I think I can provide an example - if you were to be hit by a truck, chances are high that the external forces involved would leave you with pain correlated (at least a little) with changes in tissue length, form and symmetry.
The point being that it takes a lot to distort connective tissue/mesoderm, and next to no manual force at all to distort/excite/elicit behavior from the nervous system.

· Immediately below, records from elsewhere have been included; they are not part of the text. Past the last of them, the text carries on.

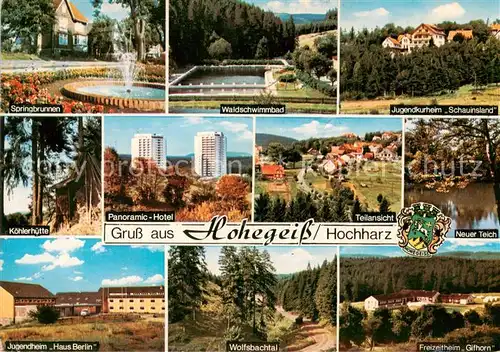 AK / Ansichtskarte 73813855 Hohegeiss_Harz Springbrunnen Waldschwimmbad Jugendkurheim Schauinsland Koehlerhuette Panoramic Hotel Neuer Teich Jugendheim Haus Berlin Wolfsbachtal Freizeitheim Gifhorn Hohegeiss Harz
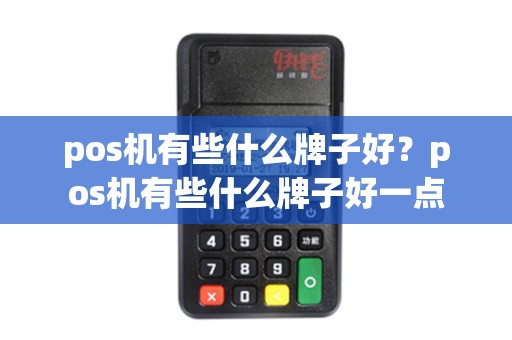 pos机有些什么牌子好？pos机有些什么牌子好一点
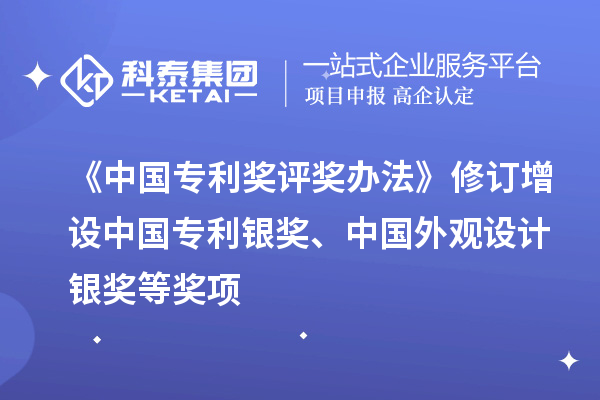 《中國專利獎評獎辦法》修訂 增設中國專利銀獎、中國外觀設計銀獎等獎項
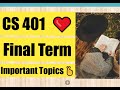 CS 401 Final Term Most Important Topics ❤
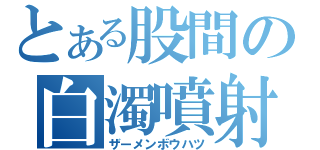 とある股間の白濁噴射（ザーメンボウハツ）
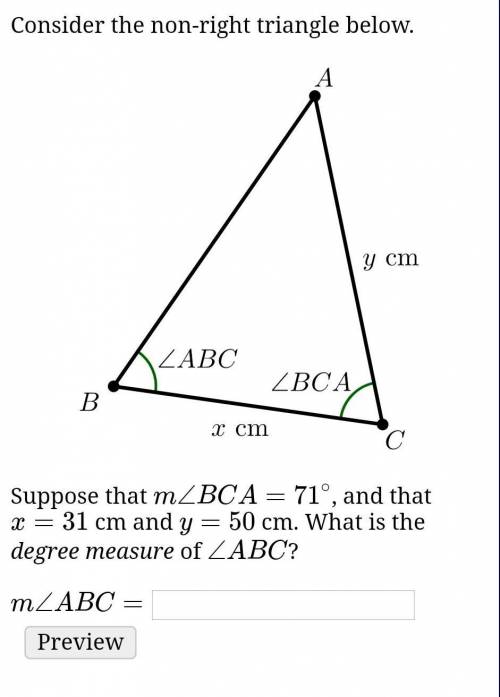 Consider the non-right triangle below.

Suppose that m∠BCA=71∘, and that x=31 cm and y=50 cm. What
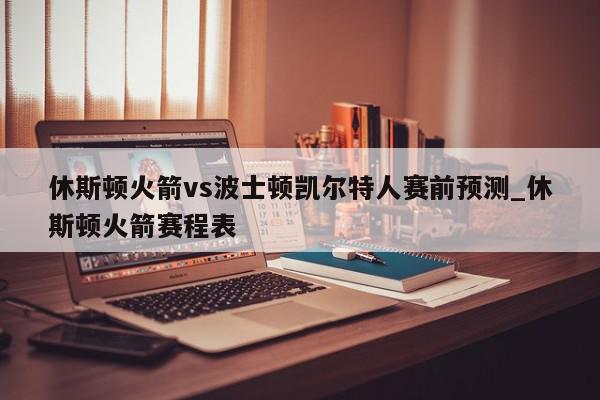 休斯顿火箭vs波士顿凯尔特人赛前预测_休斯顿火箭赛程表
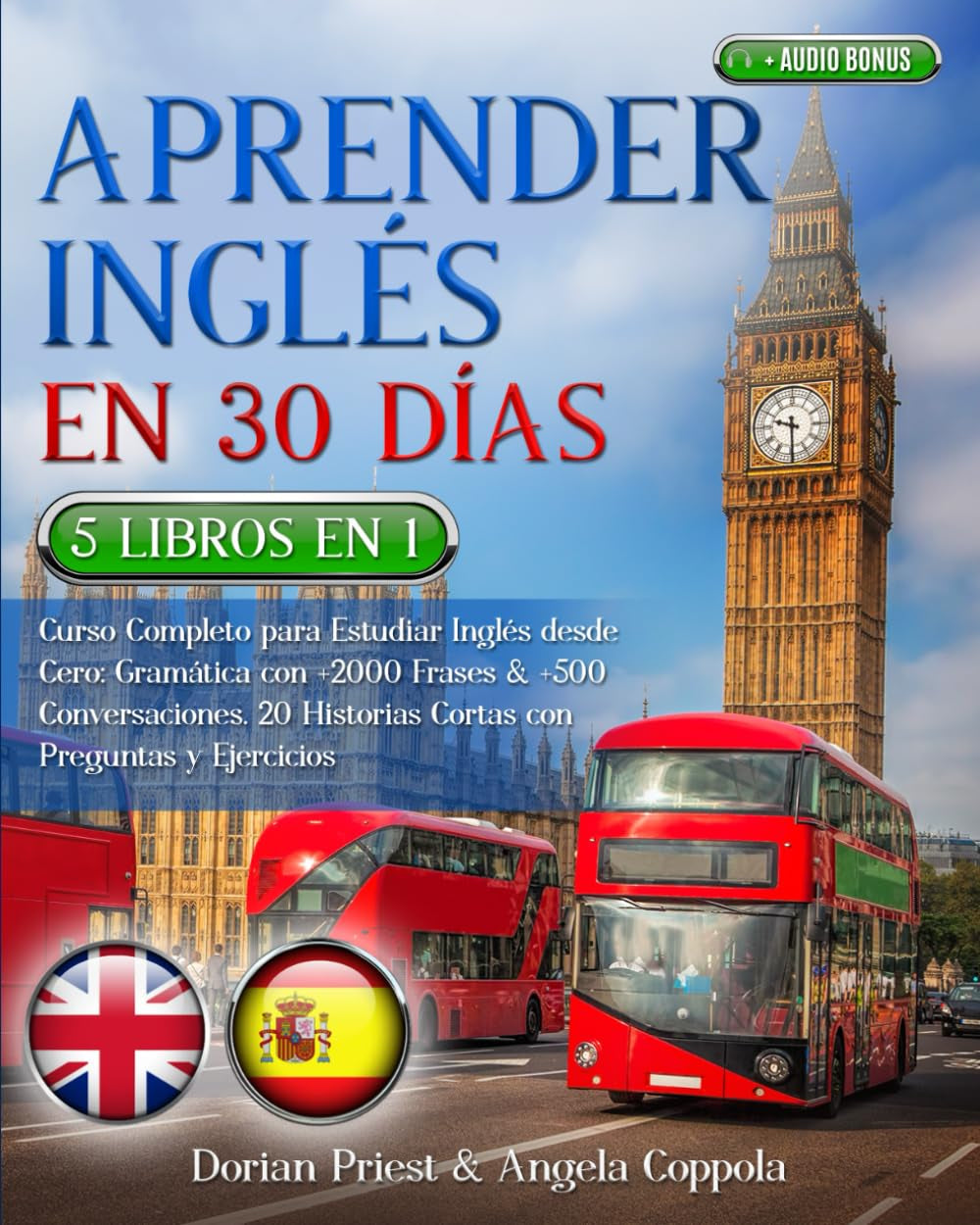 APRENDER INGLÉS EN 30 DÍAS: 5 LIBROS EN 1 Curso Completo para Estudiar Inglés desde Cero: Gramática con +2000 Frases & +500 Conversaciones. 20 ... y Ejercicios + AUDIO BONUS (Spanish Edition)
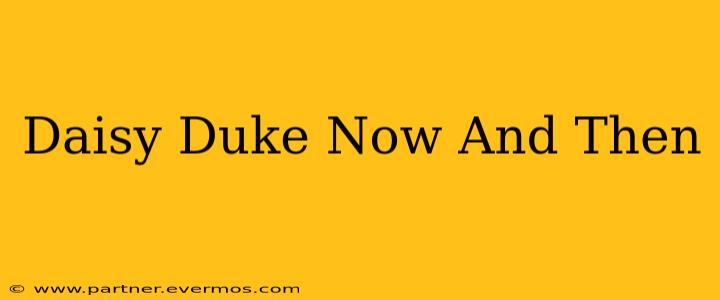 Daisy Duke Now And Then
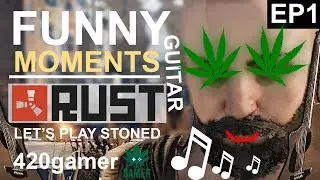 Rust Funny Moments in Voice Chat (EP1) - Playing Rust While Stoned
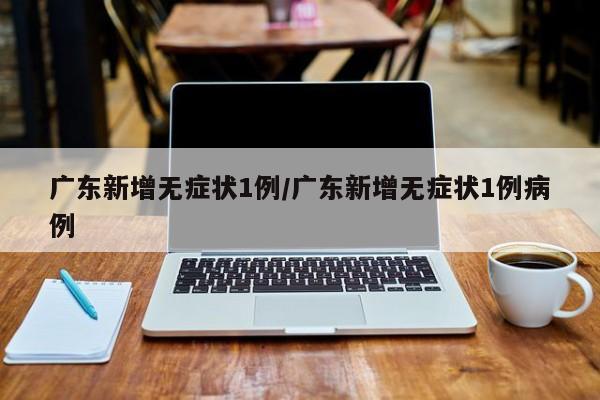 广东新增无症状1例/广东新增无症状1例病例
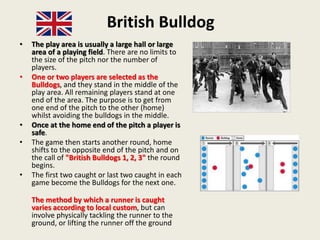 British Bulldog
• The play area is usually a large hall or large
area of a playing field. There are no limits to
the size of the pitch nor the number of
players.
• One or two players are selected as the
Bulldogs, and they stand in the middle of the
play area. All remaining players stand at one
end of the area. The purpose is to get from
one end of the pitch to the other (home)
whilst avoiding the bulldogs in the middle.
• Once at the home end of the pitch a player is
safe.
• The game then starts another round, home
shifts to the opposite end of the pitch and on
the call of "British Bulldogs 1, 2, 3" the round
begins.
• The first two caught or last two caught in each
game become the Bulldogs for the next one.
The method by which a runner is caught
varies according to local custom, but can
involve physically tackling the runner to the
ground, or lifting the runner off the ground
 
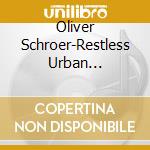 Oliver Schroer-Restless Urban Primitive cd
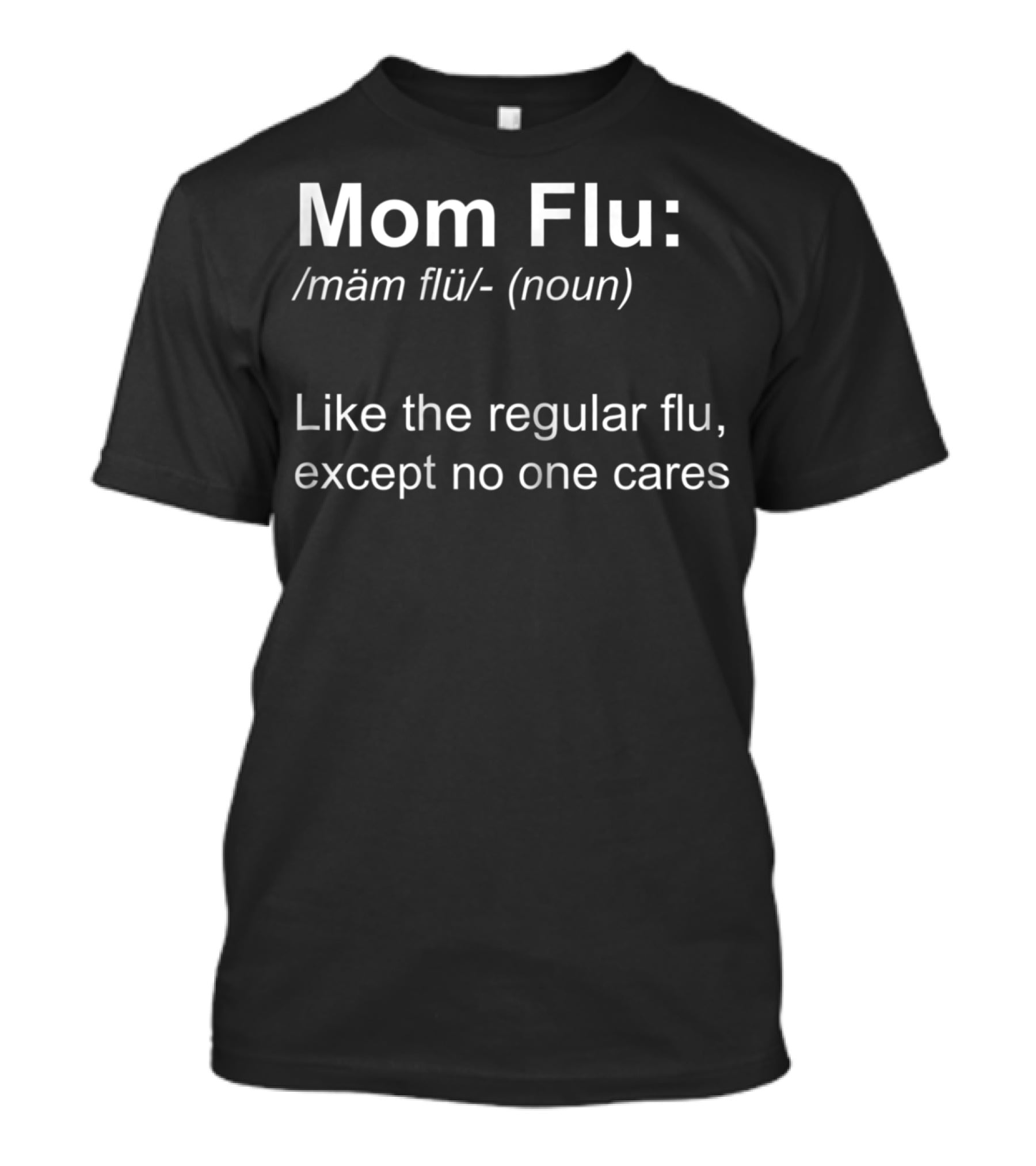 Mom Flu: Like The Regular Flu, Except No One Cares T-Shirt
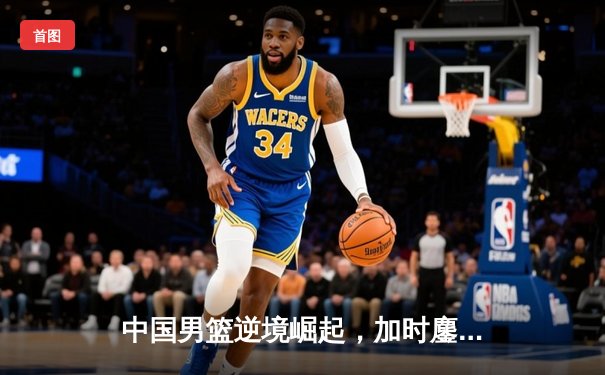 中国男篮逆境崛起，加时鏖战力克澳大利亚迎亚预赛开门红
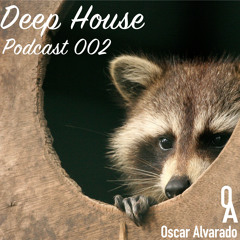 Deep House - Podcast 002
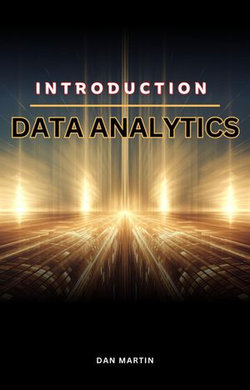 Introduction to Data Analytics Introduction to Data Analytics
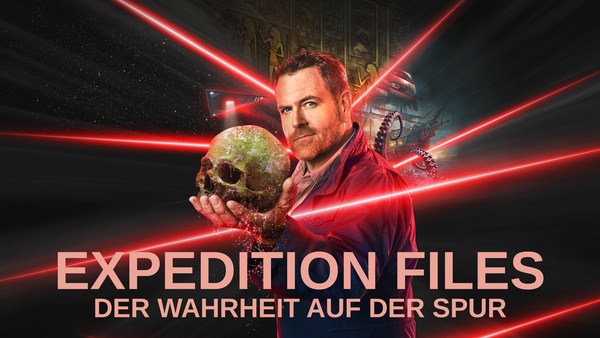 Expedition Files - Der Wahrheit auf der Spur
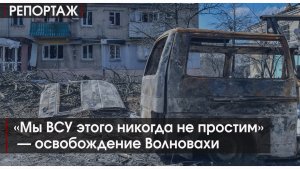 11.03.2022 | Репортаж | «Мы ВСУ этого никогда не простим» - освобождение Волновахи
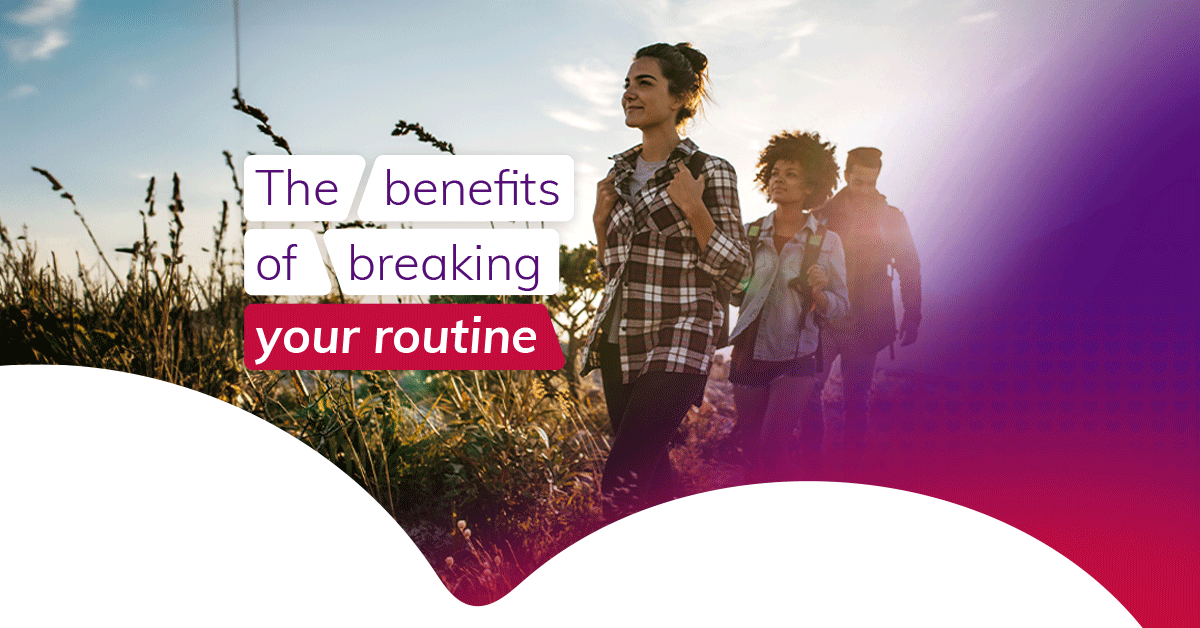  the benefits of breaking your routine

9. There is little correlation between tissue length, form or symmetry and the prevalence of pain. Manually applied forces will almost never directly result in clinically relevant and lasting change in tissue length, form or symmetry. The effects of manual therapy are more plausibly regarded as the result of reflexive neurophysiological responses.
I've got a lot of deconstructing here to do regarding these steps. I think you all have done some great work here to be sure but want to get some clarifications. I wonder if someone could clarify the term "little correlation". This would seem to imply there is some correlation but not much. Would someone mind providing a few examples of when there might be more and/or less of a correlation between pain and tissue, length, form or symmetry?
I have a similar question for the following statement. I do agree in principle with this statement. I think periarticular tissue is extremely difficult to influence under manual therapy and believe there must be some alternative explanation for the clinical changes we see. However, could someone identify the specific rational for saying it is "more plausibly" one mechanism vs the other more conventional mechanisms?
I will certainly be spending time investigating the references following the ten steps. It should be very interesting reading. However, if someone want's to provide a Cliff's notes response here I would really like to hear your insights. Thanks!
To my simple mind, #7 points out that the effect of manual and movement therapies can be positive or negative in nature. Or maybe neutral, according to many anecdotal reports from patients.
#8 then follows on, saying the only positively effective affect (sic) lies with inherent corrective movements. Reading #7 within the context of what follows to me makes sense.
I don't think that it needs to be spelt out that these corrective movements are not necessarily painfree.
This is a good point, and, I think, also ties in with your frequently made argument that correction is not necessarily painless. Butler wrote the same thing in recent review.
My son, the Army Captain, says the "surge" has been "effective," at which point his wife wants to smack him in the head. Fending off the blows, Alex goes on to say, "How are you going to put two brigades into a single city and not have an effect? I didn't say it was a good effect."
At this point we have to somehow consider what we mean by "good" or "positive." For me, a reduction in pain takes a back seat to an appropriate alteration in autonomic support. It's been my experience that pain relief follows that, and perhaps not immediately by any means. As Jason says, "We have to water the grass when it has turned brown and should not expect it to grow green right away." Or words to that effect.
The 'affect' part is what I'm stuck on. It doesn't indicate whether the therapy improves the condition or has potential to exacerbate it. Could go either way. Maybe a clarifier, such as 'beneficially affect' would work??
I know I'm being picky, but if I didn't understand this point right away, others might not either.
Manual therapies that might have an direct effect on peripheral transmission would include neurodynamic treatments. This sort of approach is useful when the origin of neural firing is in the axon itself, for example, in the case AIGS or peripheral nerve compression.